例えば、ハロゲン化アリールとアセチレンとのカップリングである薗頭反応を利用して本発明化合物を製造することができる。
 式1
Figure 0004929461
「式中、Aは、蛍光性有機基を;B1は、フェニル、ナフチルなどのアリール基を;B2はチエニル基を;Yは、ハロゲン原子またはトリフラート基を;Rは、上記したアミノ酸や核酸を修飾するための基または細胞膜に導入するための基を表す」
化合物aと化合物b1または化合物b2とを反応させるには、例えば、テトラキストリフェニルホスフィンパラジウムなどのパラジウム触媒とヨウ化銅の組み合わせに、溶剤としてトリエチルアミンやモルホリンなどの塩基性溶媒を使用する。反応時間は1〜6時間、反応温度は10℃以上で溶剤が還流する温度までを上限とする。

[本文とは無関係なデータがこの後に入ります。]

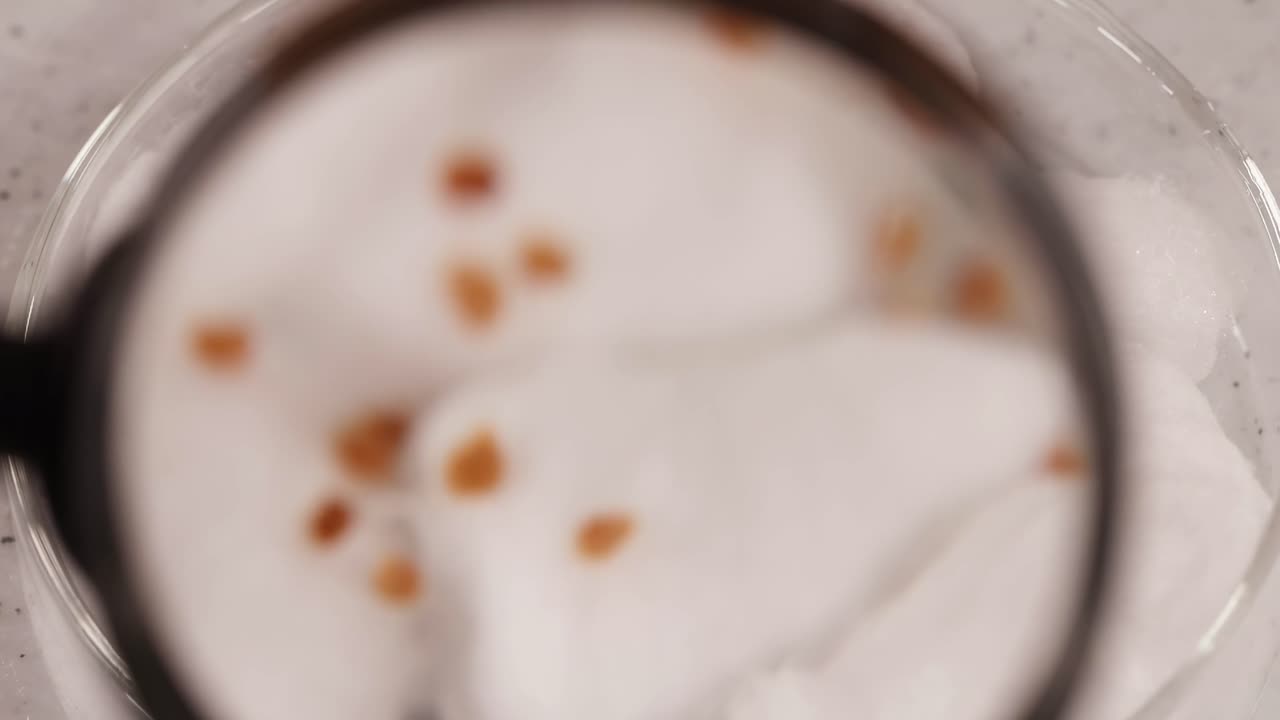 Detailed view of seeds scattered on cotton, magnified for closer inspection, highlighting texture and arrangement.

本発明の代表的化合物の製造ルートを図1〜図5に示した。
本発明の蛍光プローブ分子による、生体高分子検出法ならびに生体高分子間相互作用検出法は、溶存酸素存在下においても高い感度で行うことが出来る。更に、該蛍光プローブ分子のエキシマー形成能を利用することにより、より効果的な検出法となる可能性を有する。
例えば、DNAをはじめとするオリゴヌクレオチド鎖の末端もしくは核酸塩基部分を該蛍光プローブ分子で修飾することで、該蛍光プローブ分子由来のエキシマー発光を利用した生体高分子の検出が可能となる。またタンパク質やその配位子(リガンド)となるペプチド鎖を該蛍光プローブ分子で修飾することで、生体高分子間相互作用の検出も可能となる。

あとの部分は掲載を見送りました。